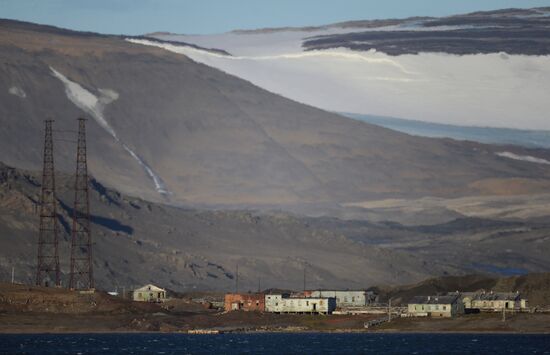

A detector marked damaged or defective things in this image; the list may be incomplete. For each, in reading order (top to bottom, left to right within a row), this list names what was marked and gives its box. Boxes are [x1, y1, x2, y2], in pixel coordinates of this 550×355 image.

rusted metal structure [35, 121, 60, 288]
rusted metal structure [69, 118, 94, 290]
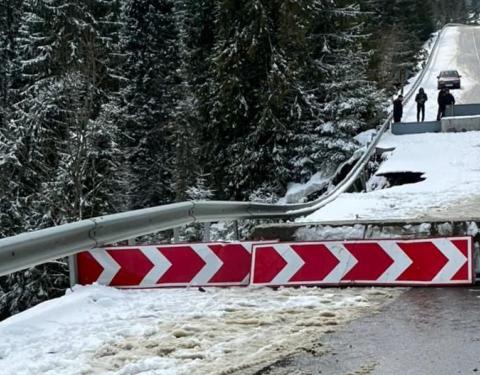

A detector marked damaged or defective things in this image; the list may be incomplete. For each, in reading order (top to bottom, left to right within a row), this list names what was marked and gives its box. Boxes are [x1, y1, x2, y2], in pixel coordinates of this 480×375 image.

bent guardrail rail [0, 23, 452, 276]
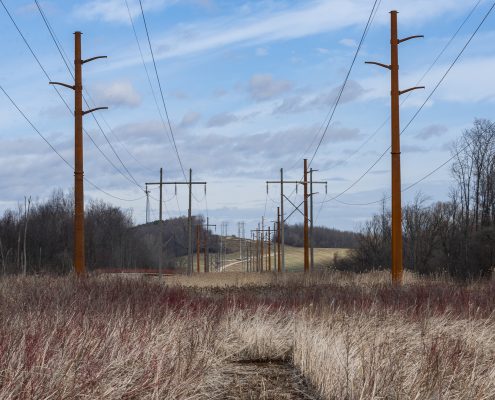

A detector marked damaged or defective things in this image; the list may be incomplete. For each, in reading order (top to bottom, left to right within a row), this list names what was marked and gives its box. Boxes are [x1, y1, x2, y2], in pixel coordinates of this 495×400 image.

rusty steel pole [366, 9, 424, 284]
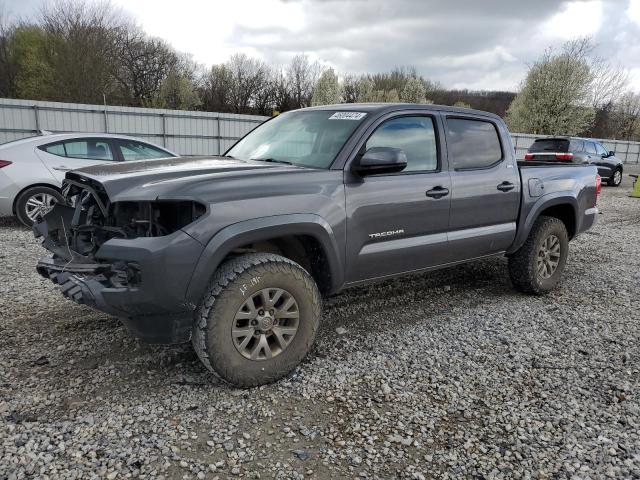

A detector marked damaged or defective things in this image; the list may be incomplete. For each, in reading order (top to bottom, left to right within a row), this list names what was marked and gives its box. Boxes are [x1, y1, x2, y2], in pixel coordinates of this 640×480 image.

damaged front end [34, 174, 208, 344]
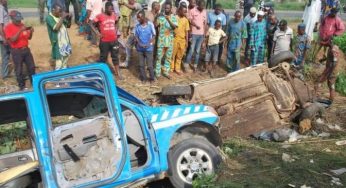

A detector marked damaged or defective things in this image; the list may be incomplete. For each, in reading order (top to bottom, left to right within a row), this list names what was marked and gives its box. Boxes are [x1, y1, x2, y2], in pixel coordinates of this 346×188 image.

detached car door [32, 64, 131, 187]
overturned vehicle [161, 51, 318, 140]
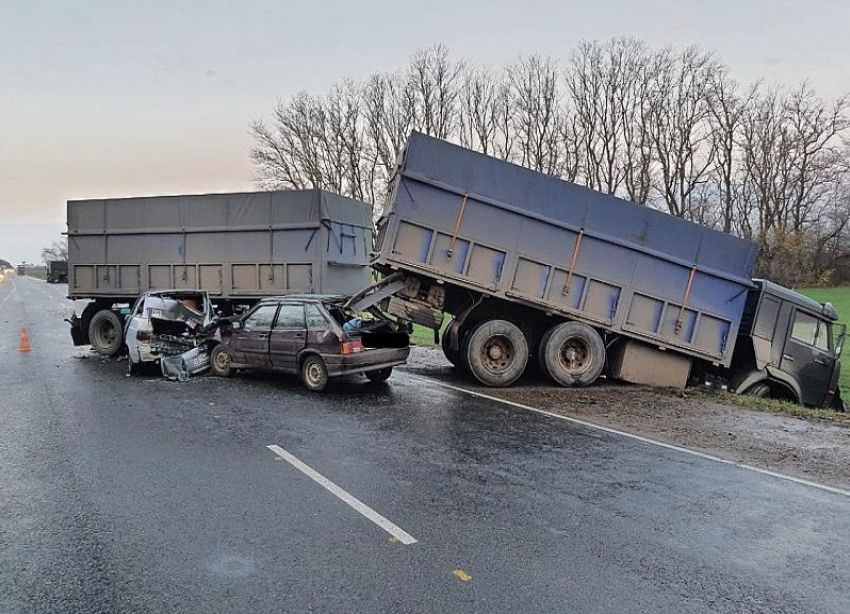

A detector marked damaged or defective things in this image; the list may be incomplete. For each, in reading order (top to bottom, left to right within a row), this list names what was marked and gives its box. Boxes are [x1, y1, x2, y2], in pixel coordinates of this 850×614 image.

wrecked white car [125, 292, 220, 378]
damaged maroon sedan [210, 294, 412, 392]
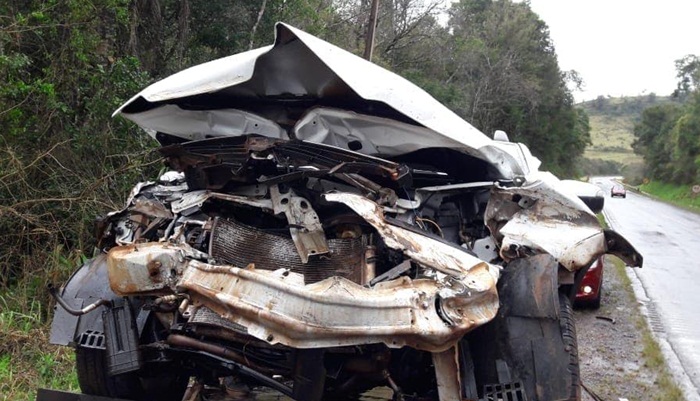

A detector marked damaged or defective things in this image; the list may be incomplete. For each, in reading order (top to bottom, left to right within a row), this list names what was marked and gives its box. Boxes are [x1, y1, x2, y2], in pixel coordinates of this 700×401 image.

[Problem] Give back the data exactly, with no images.

[Task output]
A detector marked damaged or defective things in this image; the list may be incomplete. For each, in reading order (top to bottom, left to right within a row), this list names what was marked and gives its box. Boxes are [x1, y1, x2, y2], in pixel coordinates of this 550×355 image.

rusted metal structure [35, 121, 60, 288]
rusted metal structure [69, 118, 94, 290]

A detector marked damaged or defective things in this image; the list may be incomplete. For each, in reading order (top to bottom, left to right within a row), this list names what was marked and gives its box. Boxes are [x1, y1, x2, y2], in pixel coordinates of this 480×375 image.

bent guardrail rail [0, 23, 452, 276]

A detector marked damaged or defective things in this image; the list may be incomplete. For each, in reading order (top to bottom, left to right within a row), this list names what was marked and gives its box. Boxes are [x1, y1, x2, y2], in pixel coordinates of this 495×400 image.

rusty steel pole [366, 9, 424, 284]

A detector marked damaged or defective things in this image; the list may be incomplete. For each, in reading order (top to bottom, left to right within a row), this list names what was marked and gives its box. Boxes are [x1, y1, x2, y2], in pixel coordinates of this 640×480 image.

damaged front end [34, 174, 208, 344]

A detector marked damaged or defective things in this image; the list may be incomplete. For each, in reading order (top to bottom, left to right within a row), this list names what was marked and gives its box. Boxes are [x1, y1, x2, y2], in pixel coordinates of this 346×188 image.

detached car door [32, 64, 131, 187]
overturned vehicle [161, 51, 318, 140]

A detector marked damaged or defective things in this image; the list may be incomplete. For each, in reading order (top to bottom, left to right within a row), this list names what was marked and gives its box. Boxes are [x1, y1, x2, y2], in pixel coordinates of this 850×614 image.

wrecked white car [125, 292, 220, 378]
damaged maroon sedan [210, 294, 412, 392]

A detector marked damaged or defective things in this image; the list may be incomplete. For each, in reading order (top to bottom, left to right within a row), this list names what was marked and gives its box. Boxes are [x1, y1, x2, y2], in pixel coordinates of this 700×401 image.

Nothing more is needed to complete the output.